Die physische Verdauung beginnt im Mund. Beim Kauen zerkleinern wir die Nahrung zum Speisebrei. Kauen, kauen, kauen.

So, wie wir essen, so zeigen sich unsere Lebensmuster.

Magst du noch schlingen, hinunterwürgen, hineinstopfen oder gar harte Brocken schlucken? Nein? Gut so, denn im Bauch liegt schwer, was nicht gründlich gekaut wurde. Im übertragenen Sinne liegen uns genauso schwer verdauliche Situationen auf dem Magen.
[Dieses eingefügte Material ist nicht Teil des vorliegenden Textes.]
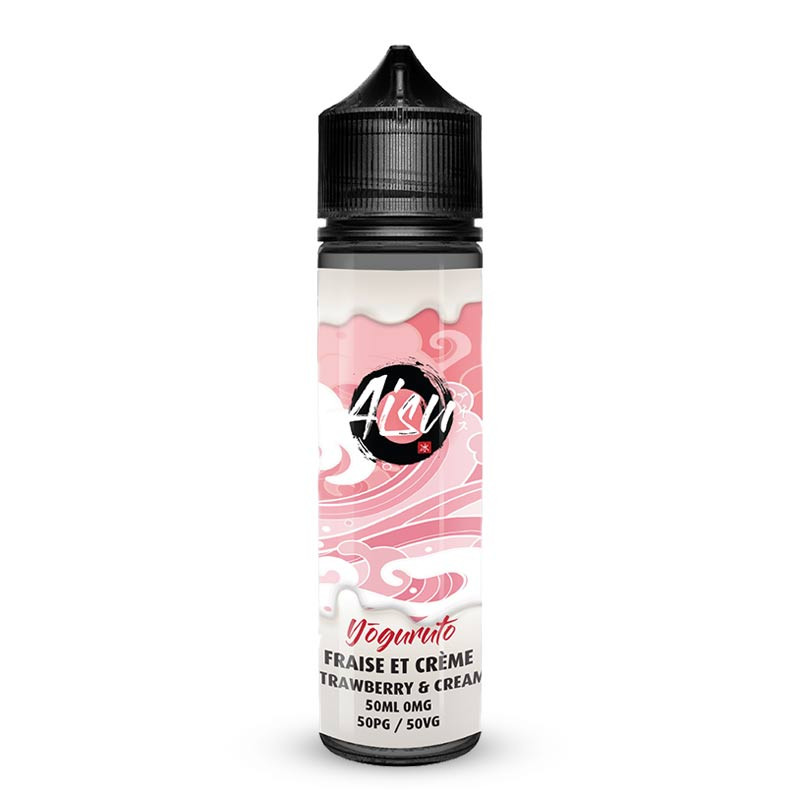 Strawberry & Cream 50ml Aisu - Zap Juice (1/1)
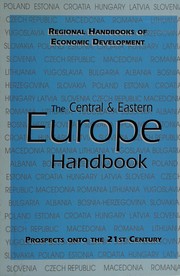 Front cover of The Central and Eastern Europe handbook by Patrick Heenan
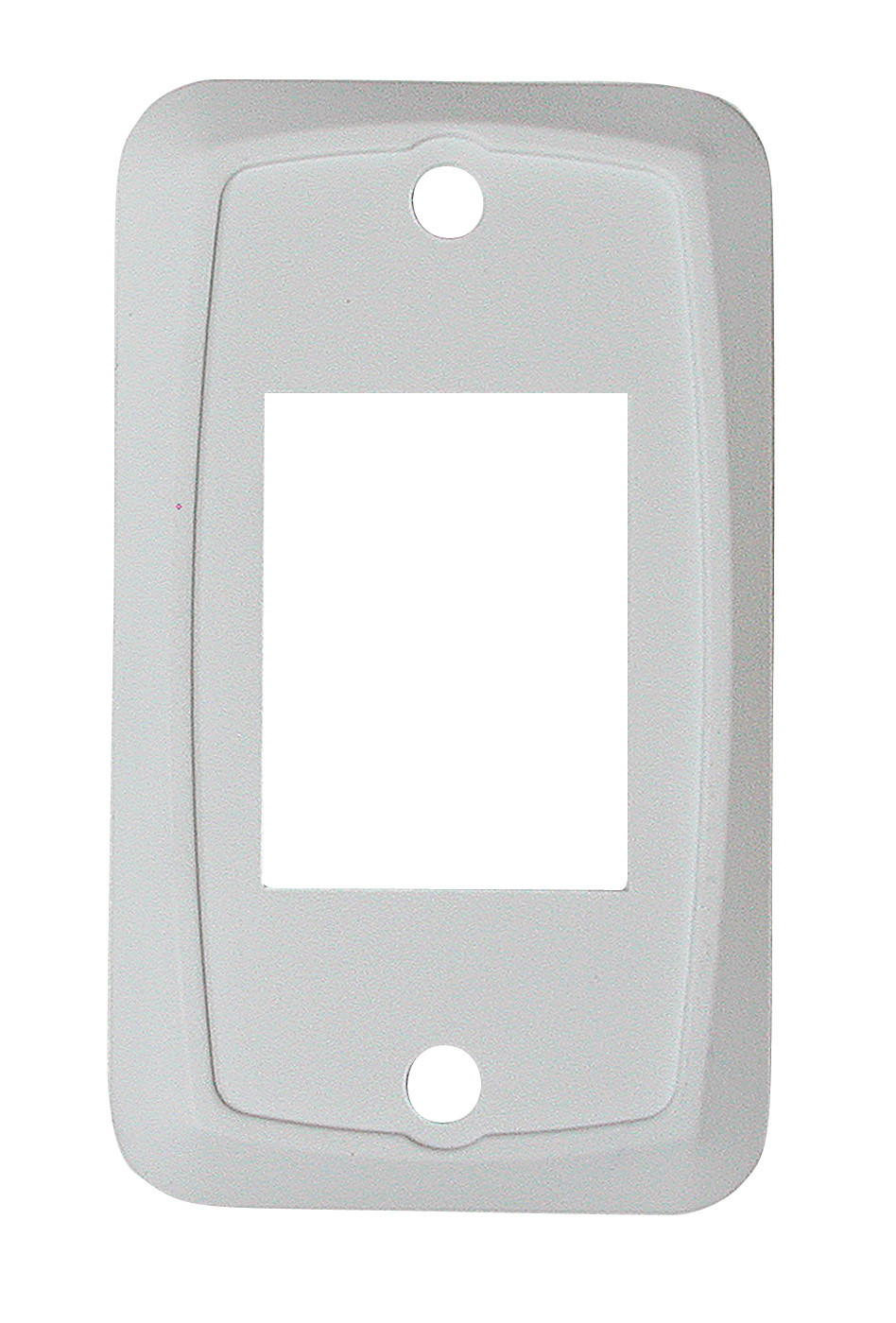 Switch Plate - White 3/Bag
Das Leben ist kein Wunschkonzert, meinen die einen und fristen ein untergeordnetes Sein im Joch der Zeitnot, bis der Körper sie zwingt sich die Zeit zu nehmen.

Wie innen so aussen, sagen die anderen und wissen die innere und die äussere Ordnung stehen in Verbindung. Wie wir unser Inneres ordnen, so richtet sich unser Äusseres aus.

Die Zeichen der Zeit erkennen

Wie viel Zeit nimmst du dir für dich und deine Nahrung? Für das, was dich körperlich, geistig und seelisch nährt. Wie verdaust du? Erkennst du Parallelen zu deinem Lebensmustern?

 

Bieten wir unserem Körper, unserer Seele und unserem Geist gesunde Gewohnheiten an, damit wir uns unserer Lebenskraft erfreuen können.